According to David Cory, CEO of LIB Therapeutics, “Lerodalcibep is a potential best-in-class PCSK9 inhibitor with a once-monthly, single small-volume subcutaneous dose, combined with long ambient stability not requiring refrigeration at home or in travel, offering a more patient-friendly treatment option to achieve the new lower LDL-C goals.” With the rapidly expanding global PCSK9 market, expected to reach $5 billion by 2025 and $10 billion by 2030, LIB Therapeutics is now focusing on preparing for the commercial launch of Lerodalcibep in the U.S.
The Biologics License Application (BLA) for Lerodalcibep is supported by an extensive development program that includes 2,900 patients and five global Phase 3 registration studies collectively known as the LIBerate program. These studies enrolled over 2,300 patients who were already on maximally tolerated statin therapy or other oral agents but still required additional LDL cholesterol reduction.

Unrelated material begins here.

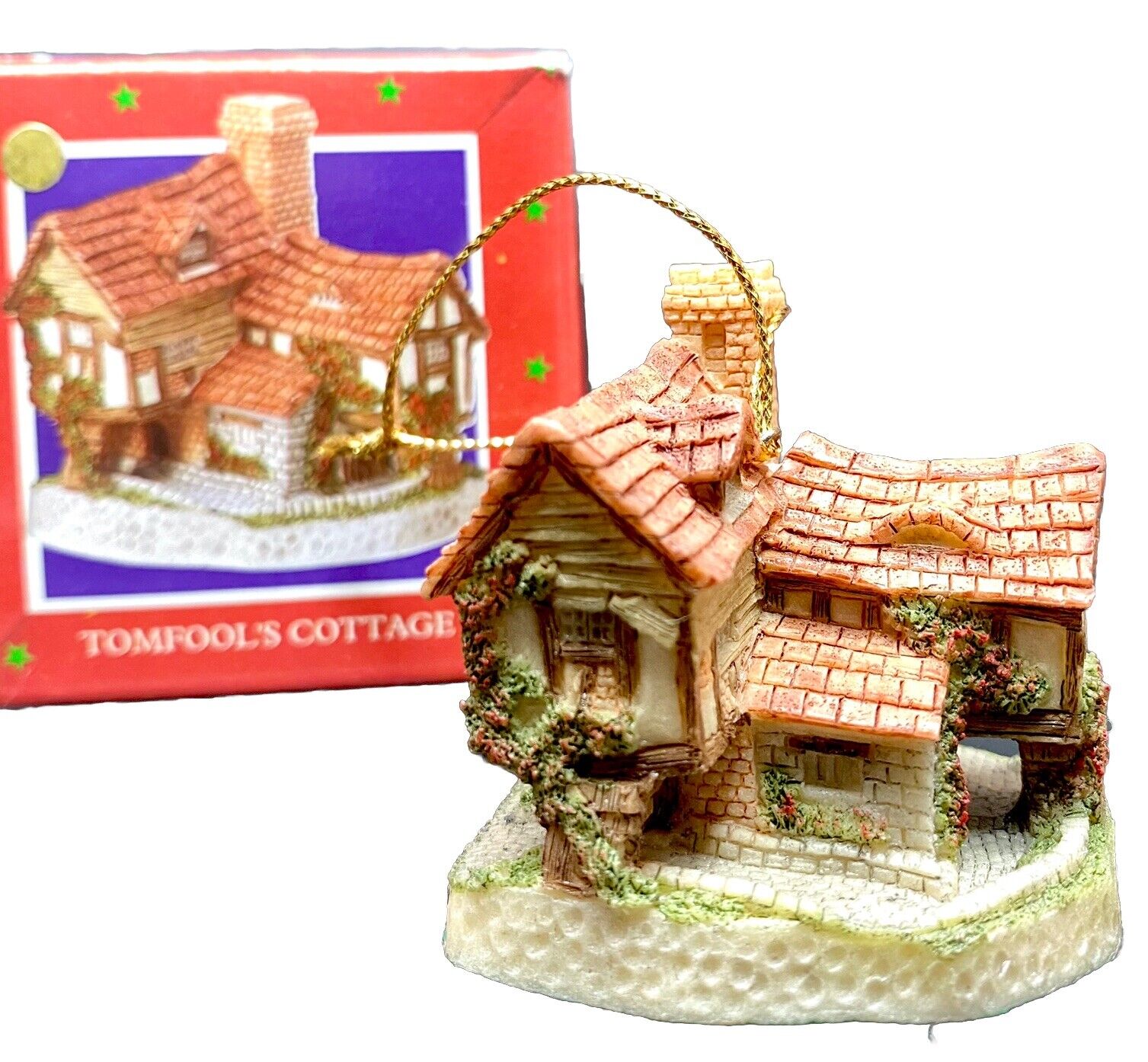 David Winter Christmas Ornament Tomfool\'s Cottage Figurine John Hine 1993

The Phase 3 LIBerate trials evaluated Lerodalcibep’s safety and efficacy in patients with cardiovascular disease (CVD), those at very high or high risk for CVD, and patients with heterozygous familial hypercholesterolemia (HeFH) and homozygous familial hypercholesterolemia (HoFH). In these double-blind, placebo-controlled trials, Lerodalcibep was dosed once monthly for up to 52 weeks. Over 2,400 patients have continued in the 72-week open-label extension trial, showcasing the potential long-term benefits of the treatment.

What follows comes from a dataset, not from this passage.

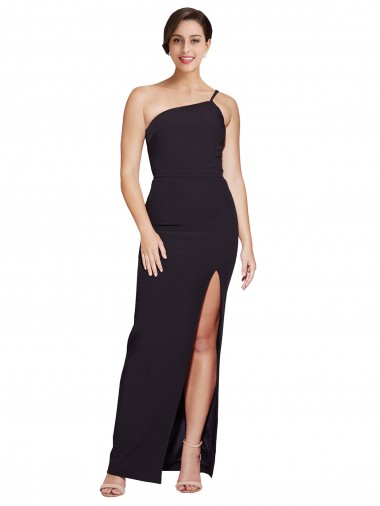 Purchase Stretch Crepe Sheath Sheath Sleeveless Black Formal Evening Dress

Lerodalcibep is a novel, small protein-binding, third-generation PCSK9 inhibitor developed to offer a more patient-friendly alternative to currently approved treatments. Unlike other PCSK9 inhibitors, Lerodalcibep is designed as a once-monthly, single small-volume subcutaneous injection that does not require refrigeration, making it an easy option for patients to manage. The drug’s binding domain is an 11-kDa polypeptide known as an adnectin, which is engineered for high-affinity subnanomolar binding to human PCSK9. To enhance its plasma half-life, the adnectin is fused with human serum albumin, offering a sustained therapeutic effect.
The growing cardiovascular disease burden, particularly among patients with inherited high cholesterol, underscores the need for more effective and convenient treatment options. With the promising data supporting Lerodalcibep’s ability to lower LDL cholesterol effectively, its once-monthly injection, and ease of use, the drug represents a significant step forward in managing high cholesterol and reducing cardiovascular risk. As the global market for PCSK9 inhibitors continues to expand, LIB Therapeutics is well-positioned to meet the needs of millions of patients who have not been able to achieve optimal cholesterol control with current therapies.

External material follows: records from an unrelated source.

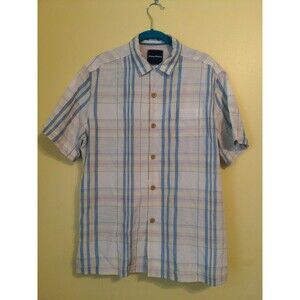 Tommy Bahama Silk Blend Shirt Short Sleeve Button Up Shirt Sz Small Plaid Beach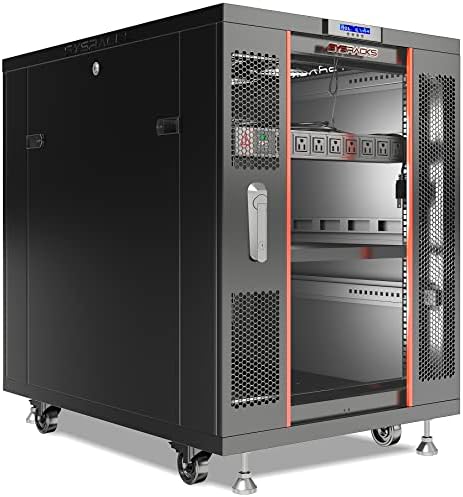 18U Server Rack Cabinet, 39" Deep, Glass Door, 19-Inch by SYSRACKS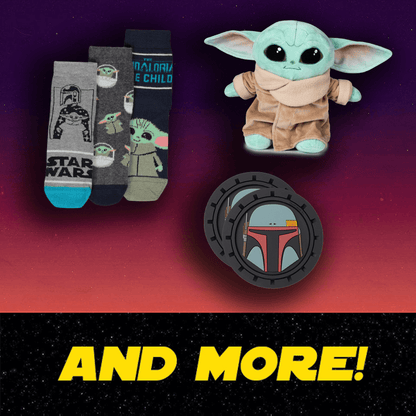 Collection of 'Star Wars' themed items including socks, a plush toy, and a pin on a gradient background.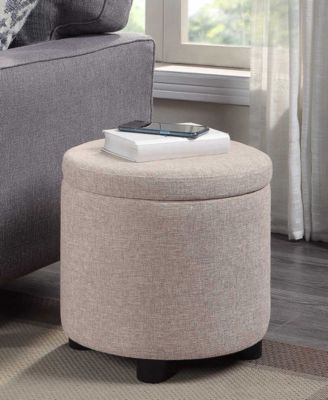 15.75" Faux Linen Round Storage Ottoman with Tray Lid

In conclusion, Lerodalcibep’s acceptance for review by the FDA is a significant milestone in providing an innovative, patient-friendly solution for individuals at high risk for cardiovascular disease. With its robust clinical trial data, favorable safety profile, and convenient administration, Lerodalcibep could become a valuable tool in the ongoing fight against high cholesterol and its associated cardiovascular risks. LIB Therapeutics is committed to working closely with regulators to bring this promising treatment to patients worldwide.